Writing and the Value of Downtime

I am a regular contributor to Quora.com, the website that answers all your questions and asks you to contribute answers–if you have any. As a decades-long writer and someone who teaches writing, you can guess what I answer questions about.

One of the questions that I get frustrated with are people who continually ask how they can write faster: “How can I write a book in under a month?” “How can I increase my speed up to fifteen pages a day?” etc. You get the drift. It worries me because they are concerned with volume when what they should be concerned about is quality of content.

Currently, Amazon is putting out more than a million new book titles per year. Most of those are self published, as are most of mine. And I am ashamed to say, many of those million titles are dreck. A lot of that is because people still have the mindset that you don’t need to put thought into what you are writing. All you have to do is put a book out there and–presto!–you’re a millionaire!

Well, boys and girls, sorry to disappoint you. It doesn’t work that way. Writing is much more than just coming up with an idea, spending a month or two drafting up some words and then throwing it out for the unwashed masses to consume. It’s hard work.

That’s why I find myself slowing down as I write more books. Less is more. And even though there are those authors who still go to their keyboard each morning and just start typing, assuming that the muse will tell them what to write, I don’t work that way. My time is important, my labor is important. My first novel that I wrote I spent two years wandering through the wilderness (I speak metaphorically, of course), trying to figure out what the book was about. And that taught me something.

Now I take more time to figure out what the book is about before I start writing.

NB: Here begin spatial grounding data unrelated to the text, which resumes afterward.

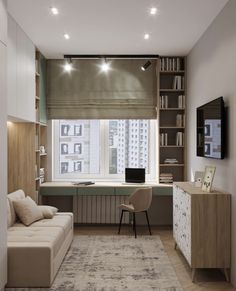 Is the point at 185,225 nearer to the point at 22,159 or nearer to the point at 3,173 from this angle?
the point at 3,173

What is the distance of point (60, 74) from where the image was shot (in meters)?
6.73

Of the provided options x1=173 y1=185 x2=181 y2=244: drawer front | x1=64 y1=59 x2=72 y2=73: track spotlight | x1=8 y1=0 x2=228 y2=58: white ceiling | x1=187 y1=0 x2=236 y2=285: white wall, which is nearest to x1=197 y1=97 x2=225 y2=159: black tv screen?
x1=187 y1=0 x2=236 y2=285: white wall

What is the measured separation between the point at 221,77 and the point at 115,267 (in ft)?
8.28

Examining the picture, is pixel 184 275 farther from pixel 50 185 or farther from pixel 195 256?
pixel 50 185

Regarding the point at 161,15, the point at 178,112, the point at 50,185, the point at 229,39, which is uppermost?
the point at 161,15

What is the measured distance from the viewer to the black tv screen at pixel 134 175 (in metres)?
6.49

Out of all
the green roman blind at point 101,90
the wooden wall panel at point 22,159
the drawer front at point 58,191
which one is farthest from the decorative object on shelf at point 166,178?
the wooden wall panel at point 22,159

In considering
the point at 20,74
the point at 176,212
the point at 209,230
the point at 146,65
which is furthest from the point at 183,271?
the point at 146,65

And even after I start writing, I need my downtime. Right now, I am coming to the end of a section, and I know the next chapter is a crucial ending to a time period. I want to get it right, and a lot of that is how I structure my scenes. I can’t just go in and start writing.

So what do I do? Yesterday, I got on my riding lawnmower and mowed about an acre of lawn. My earbuds were on and I was listening to my favorite tunes, but my mind was on my book. And because the logical side of my brain was occupied with mowing, my left, or creative side, of my brain was free to work on the chapter and come up with some solutions.

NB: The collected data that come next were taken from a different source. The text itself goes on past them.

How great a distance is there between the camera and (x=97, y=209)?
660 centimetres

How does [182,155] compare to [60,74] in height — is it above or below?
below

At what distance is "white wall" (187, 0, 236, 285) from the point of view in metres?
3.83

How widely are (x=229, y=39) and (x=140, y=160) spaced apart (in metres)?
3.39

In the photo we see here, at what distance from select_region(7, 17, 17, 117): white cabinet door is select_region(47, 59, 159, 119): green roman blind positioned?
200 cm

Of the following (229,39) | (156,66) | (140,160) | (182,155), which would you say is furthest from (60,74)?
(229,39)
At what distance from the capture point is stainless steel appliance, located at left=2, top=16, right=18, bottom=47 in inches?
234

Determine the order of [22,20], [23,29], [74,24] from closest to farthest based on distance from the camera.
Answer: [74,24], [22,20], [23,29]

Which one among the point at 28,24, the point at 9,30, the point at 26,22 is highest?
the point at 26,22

Today, I followed that up with a dog walk. While Juno, our dachshund-terrier mix was looking for places to do her business, I was taking care of business in my mind.

Over the years, my wife has learned that when I volunteer to wash dishes, fold laundry, rake leaves, mow the lawn or do other mundane tasks, chances are I am trying to work out writing problems in my brain. And it usually works.

Now I need to take those solutions and apply them. Of course, this is how I fix things. You have to figure out what works for you.